Sonnenbrand - was nun? Das hilft wirklich!

In den letzten Hitze-Tagen hat es viele an die frische Luft gezogen. Doch wer es beim Sonnenbad übertrieben hat, hat sich womöglich einen schmerzhaften Sonnenbrand zugezogen...Wie es den zu vermeiden gilt und was man tun kann, wenn die Haut schmerzt und brennt, erfährst du hier.

Prävention und Schutz

Die Sonne gehört zweifelsohne zum Quell des Lebens. Sie setzt jede Menge Vitamin D frei und lässt uns gesund und munter wirken. Vor allem aber lieben wir sie, weil sie uns einen Hauch Farbe verleiht. Sonnengebräunte Haut ist für die Mehrheit der Menschen ein absolutes Muss. Dabei vergessen viele, wie gefährlich zu viel Sonne sein kann. Schnell ist die Haut verbrannt, schmerzt, juckt und brennt.

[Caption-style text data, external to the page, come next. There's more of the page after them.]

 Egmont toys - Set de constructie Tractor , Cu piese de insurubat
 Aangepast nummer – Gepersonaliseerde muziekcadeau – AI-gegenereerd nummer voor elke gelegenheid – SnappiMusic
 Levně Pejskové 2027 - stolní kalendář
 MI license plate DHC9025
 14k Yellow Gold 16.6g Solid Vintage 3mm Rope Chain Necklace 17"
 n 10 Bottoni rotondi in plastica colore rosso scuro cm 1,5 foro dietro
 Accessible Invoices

Um dem vorzubeugen, ist der richtige Schutz das A und O. Sei es eine Sonnencreme mit hohem Lichtschutzfaktor, ein schattiger Platz oder die passende Kleidung, um sich vor der direkten Sonneneinstrahlung ausreichend zu schützen.

Auf gar keinen Fall sollte auf eine geeignete Kopfbedeckung verzichtet werden. Besonders bei Babys und Kindern sollte der Kopf geschützt werden. Dabei sollten Hüte und Mützen mit Nackenschutz zum Einsatz kommen. Grundsätzlich gilt bei Kindern jeden Alters: Ohne passende UV-Kleidung und ausreichend hohem Lichtschutzfaktor auf der Haut, sollte nicht in der direkten Sonne gespielt werden.
Doch was tun, wenn die Haut brennt und schmerzt?

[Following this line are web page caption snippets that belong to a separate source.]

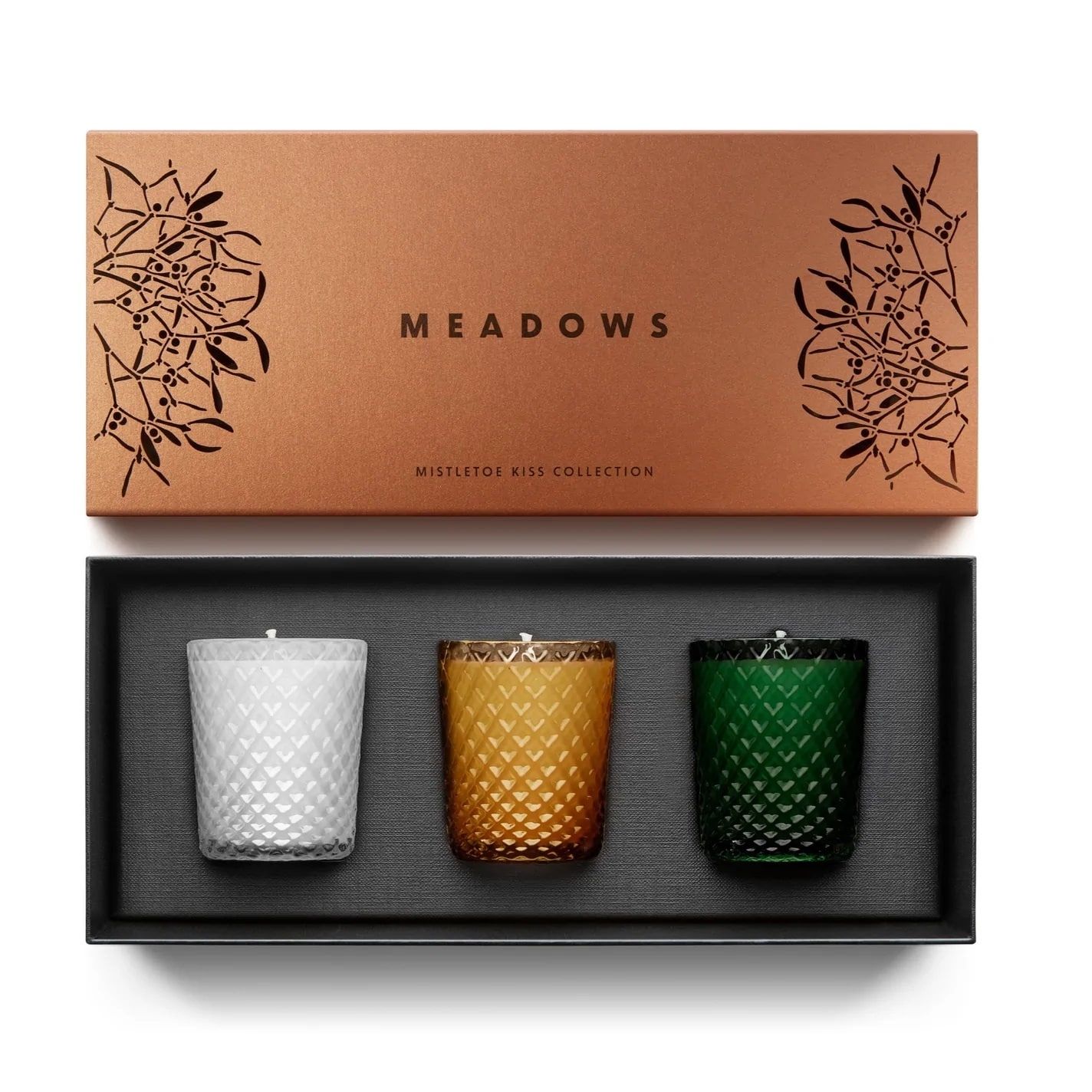 MEADOWS Darčeková kolekcia sviečok Meadows - Mistletoe Kiss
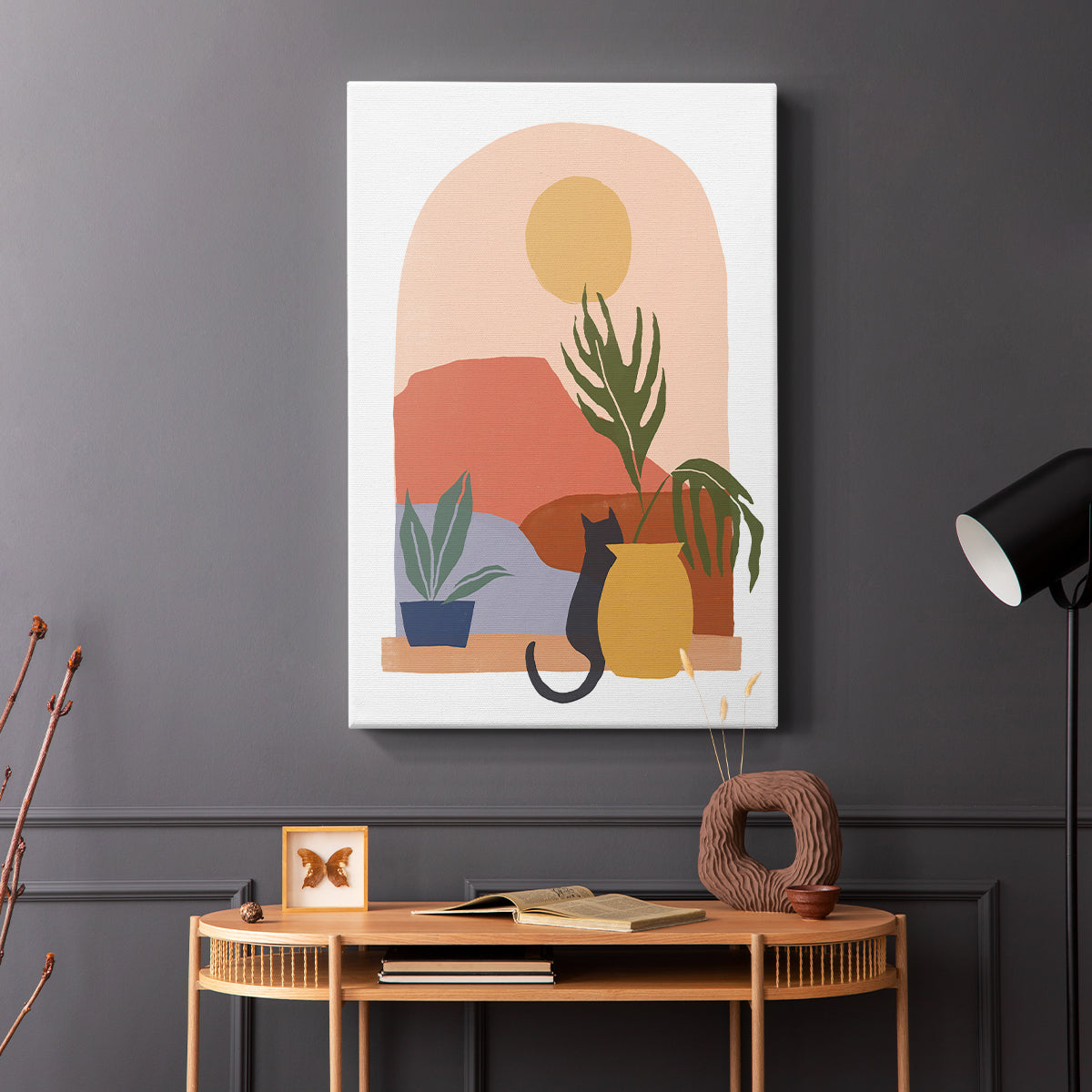 Paper Scene I - Canvas Art Print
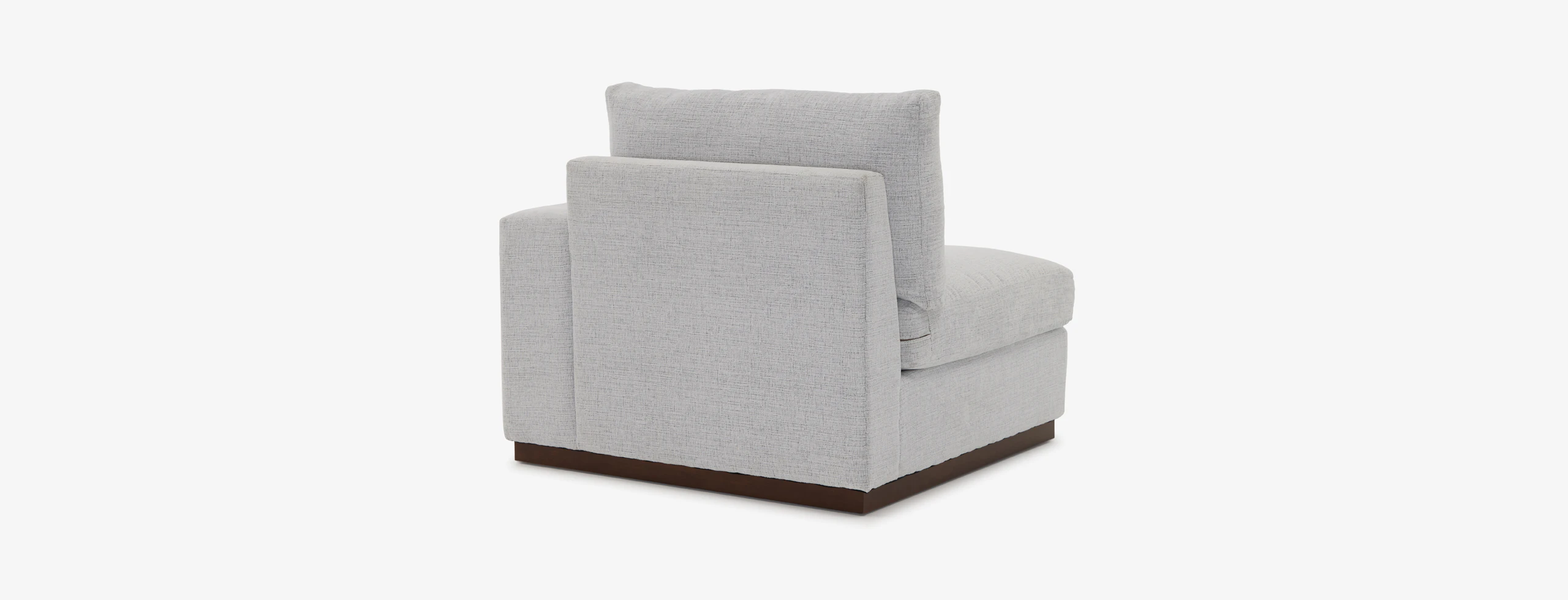 Holt Petite Single Arm Chair Clearview Ice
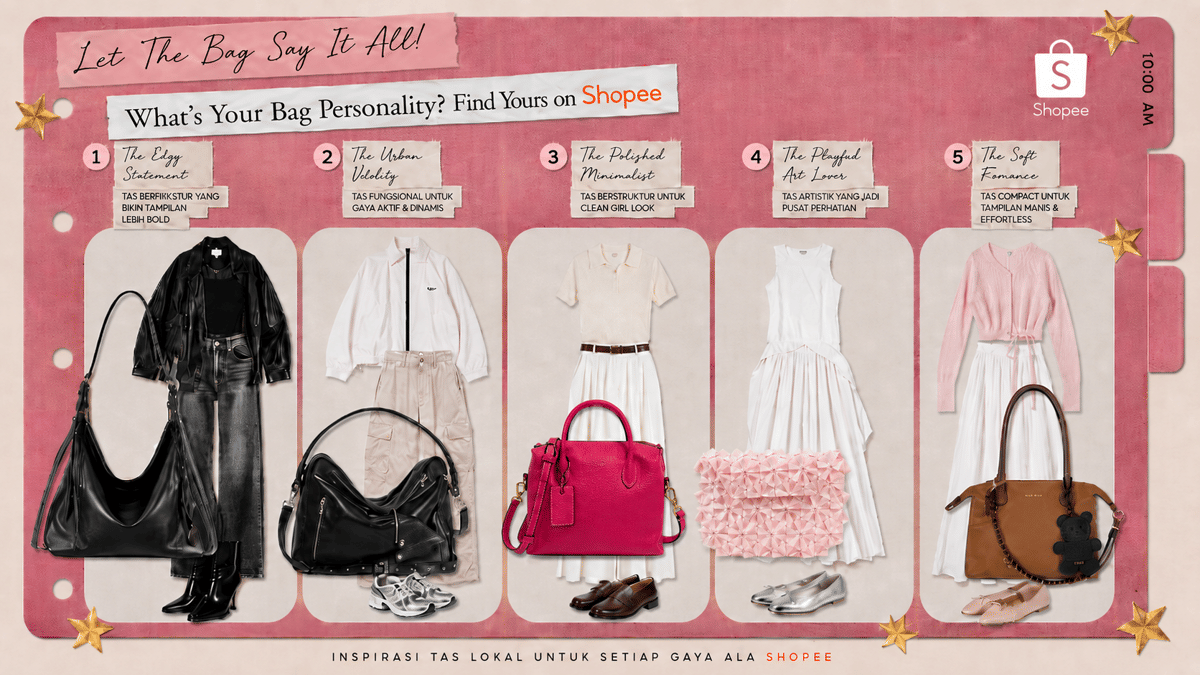 Let The Bag Say It All: Inspirasi aya Tas Lokal bersama Shopee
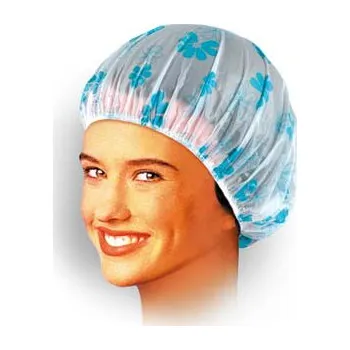 Pokrývka hlavy TOP CHOICE igelitová koupací čepice 30369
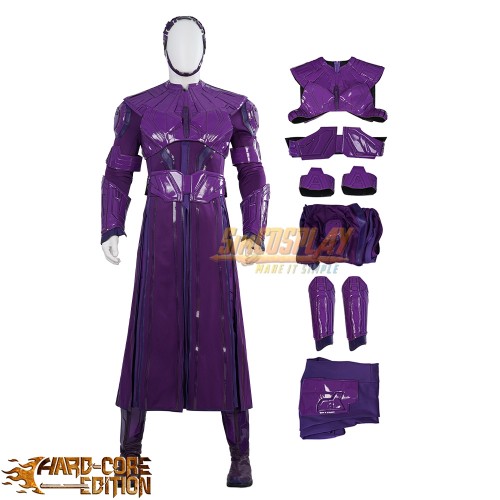 2023 High Evolutionary Cosplay Costume Purple Leather Suit Top Level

Erholung für betroffene Hautpartien

Ein Sonnenbrand sollte nicht auf die leichte Schulter genommen werden. Je häufiger die Haut durch zu viel Sonne verbrennt, umso höher ist das Hautkrebsrisiko. Wer rote Haut an sich bemerkt, sollte sich zuerst einmal einen schattigen Platz suchen. In den ersten Tagen sollten die betroffenen Stellen unbedingt mit geeigneter Kleidung bedeckt werden, damit sich die Haut erholen kann. Außerdem sollte auf einen ausreichenden Flüssigkeitshaushalt geachtet werden. Wichtig: Viel trinken, damit die Haut von innen heraus mit Wasser versorgt werden kann!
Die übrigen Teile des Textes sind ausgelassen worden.